Im Einklang mit ihren vier übergeordneten Prioritäten hat die Schweiz daher auch schon einen sogenannten «Signature Event» zum Schutz der Zivilbevölkerung angekündigt – bislang allerdings ohne Verweis auf konkrete Krisensituationen, die dringend einer Diskussion bedürften. Ganz offensichtlich will sich die Schweiz alle Optionen offenhalten und erst den jährlichen Bericht des UNO-Generalsekretärs zum Thema abwarten, der in der Regel Anfang Mai veröffentlicht wird.
Angesichts des demokratisch legitimierten Auftrags des Parlaments, sich um Fälle wie Armenien und Aserbeidschan oder Myanmar und die Rohingya zu kümmern, liegt eine vertiefte Behandlung dieser beiden Fälle auf der Hand. Zwar hat der Sicherheitsrat erst im Dezember 2022 eine Resolution zur humanitären Krise in Myanmar verabschiedet. Nach Ansicht vieler Beobachter:innen weist sie aber erhebliche Lücken auf und wird der dramatischen Situation der Zivilbevölkerung mit Millionen intern Vertriebener in keiner Weise gerecht. Kleine, aber konkrete weitere Schritte könnten auch hier von grosser Bedeutung für hunderttausende Menschen in Not sein.
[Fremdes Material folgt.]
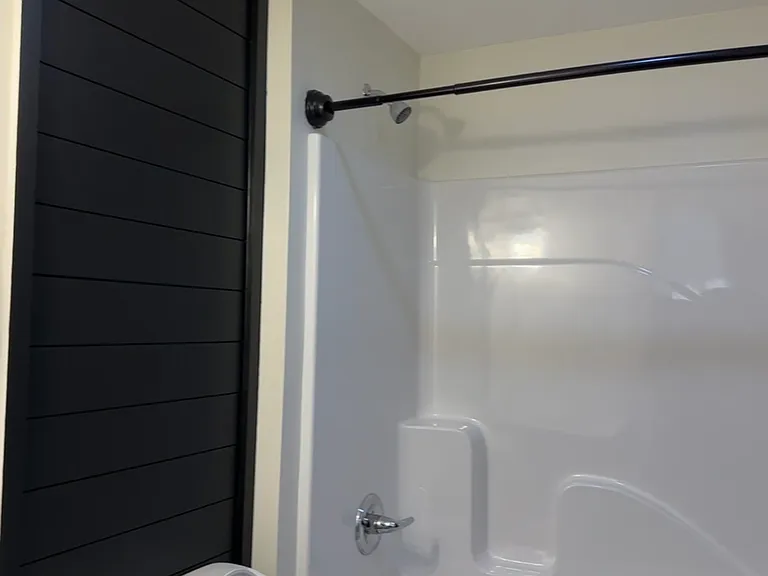 111 E College St — Photo 13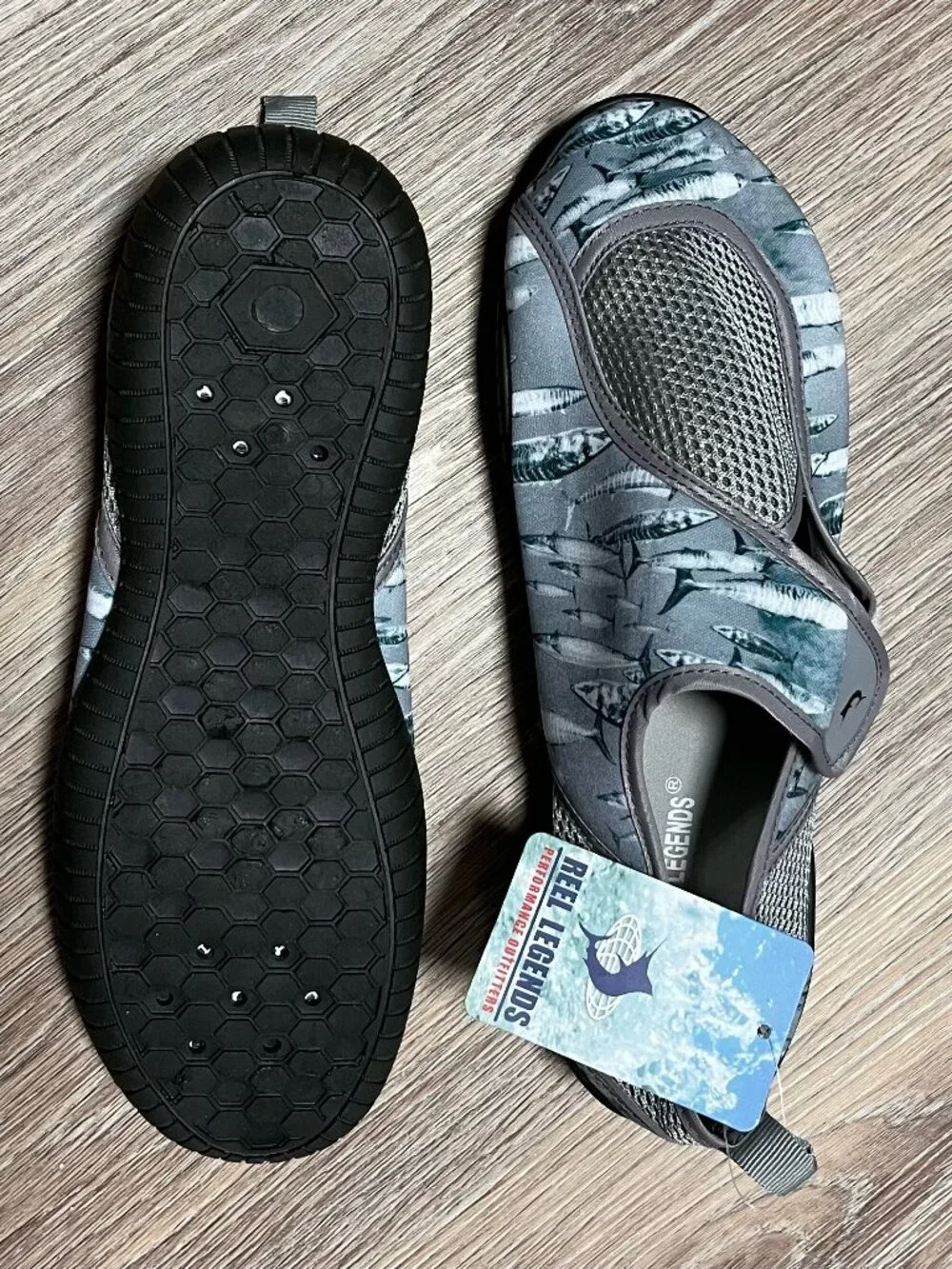 Reel Legends men's water shoes/ size 9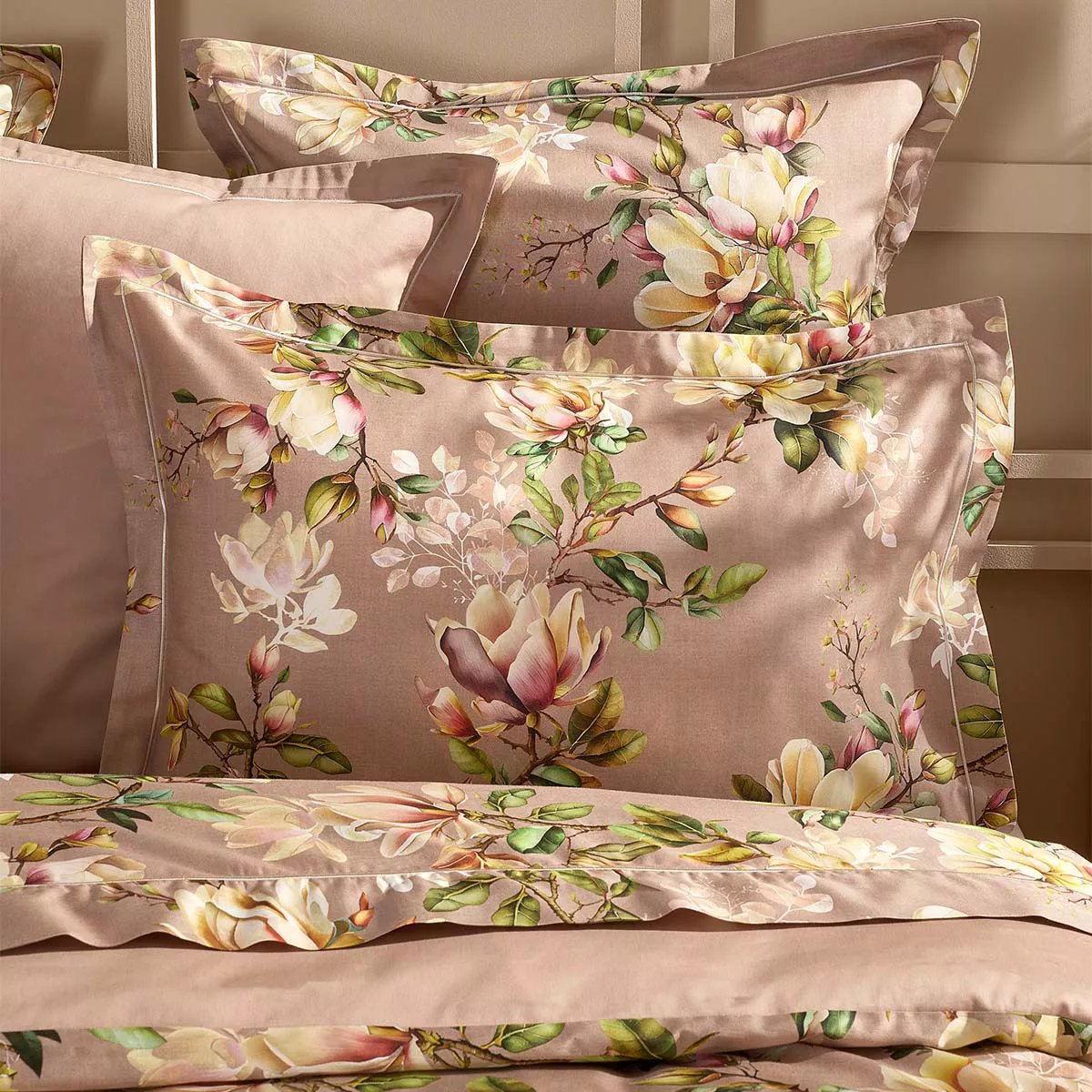 Drap plat satin de coton MAGNOLIAS rose fume, GARNIER THIEBAUT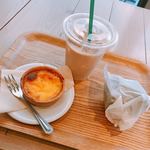 イート・モア・グリーンズ - ロイヤルミルクティ¥650、エッグタルト¥280、持ち帰りに米粉とバナナのチョコマフィン¥380。
ランチより高くなってしまった…¥1414也。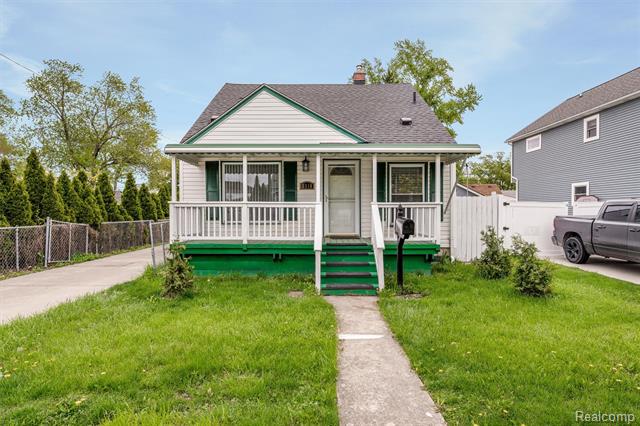 front view picture of 3318 Wakefield Rd, Berkley, MI. 48072
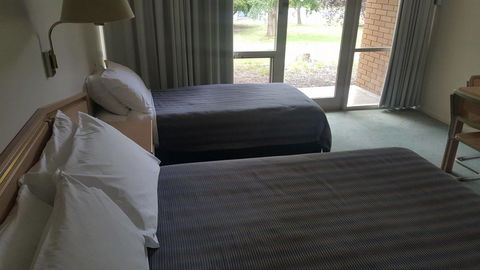 Moe Parklands Motel - Rental Cars 0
Dass sie in der Lage und bereit ist, die grosse Bühne des Sicherheitsrats mit dem nötigen diplomatischen Geschick, mit Mut und Kreativität zu nutzen, hat die Schweiz im Fall von Syrien schon früh unter Beweis gestellt. Nun ist es an der Zeit, das erste zählbare Resultat zu bestätigen.